El Ejército de Tierra y la Armada de Estados Unidos también tendrán que asumir múltiples recortes en grandes sistemas. En el futuro, la «Navy» tendrá incluso que prescindir de uno de sus once portaaviones en servicio. Dentro de todo este ajuste presupuestario también ha caído el programa VH-71 para construir un helicóptero más moderno y veloz destinado al transporte del presidente de EE.UU.
Por el contrario, todo lo que tenga que ver con conflictos no convencionales va a recibir un generoso respaldo presupuestario. Empezando por un aumento del 62% en aviones teledirigidos y con capacidad ofensiva. Además de más dinero para tareas de inteligencia y ampliación de la plantilla de soldados destinados a operaciones especiales. Junto a un aumento de las correspondientes dotaciones para helicópteros, aviones y unidades navales de litoral requeridos para combates de baja intensidad.

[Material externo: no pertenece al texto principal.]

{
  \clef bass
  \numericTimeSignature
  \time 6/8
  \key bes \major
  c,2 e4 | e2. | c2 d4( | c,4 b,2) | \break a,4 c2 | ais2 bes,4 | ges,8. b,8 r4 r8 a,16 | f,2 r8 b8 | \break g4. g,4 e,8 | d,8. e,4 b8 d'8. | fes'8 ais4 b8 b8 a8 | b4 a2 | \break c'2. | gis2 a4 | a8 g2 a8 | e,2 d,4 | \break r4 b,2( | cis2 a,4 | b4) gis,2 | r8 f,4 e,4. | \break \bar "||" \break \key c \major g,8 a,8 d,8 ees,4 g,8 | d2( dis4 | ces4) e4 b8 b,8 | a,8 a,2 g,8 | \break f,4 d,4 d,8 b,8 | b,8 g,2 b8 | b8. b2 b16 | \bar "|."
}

En términos de personal, Robert Gates ha confirmado la expansión en curso de las plantillas del Ejército de Tierra y de la Infantería de Marina. Además de un esfuerzo adicional en cobertura sanitaria y prestaciones familiares como guarderías, vivienda y educación. Con un previsión de gasto adicional para mejorar el bienestar de los militares profesionales estimada en 13.000 millones de dólares.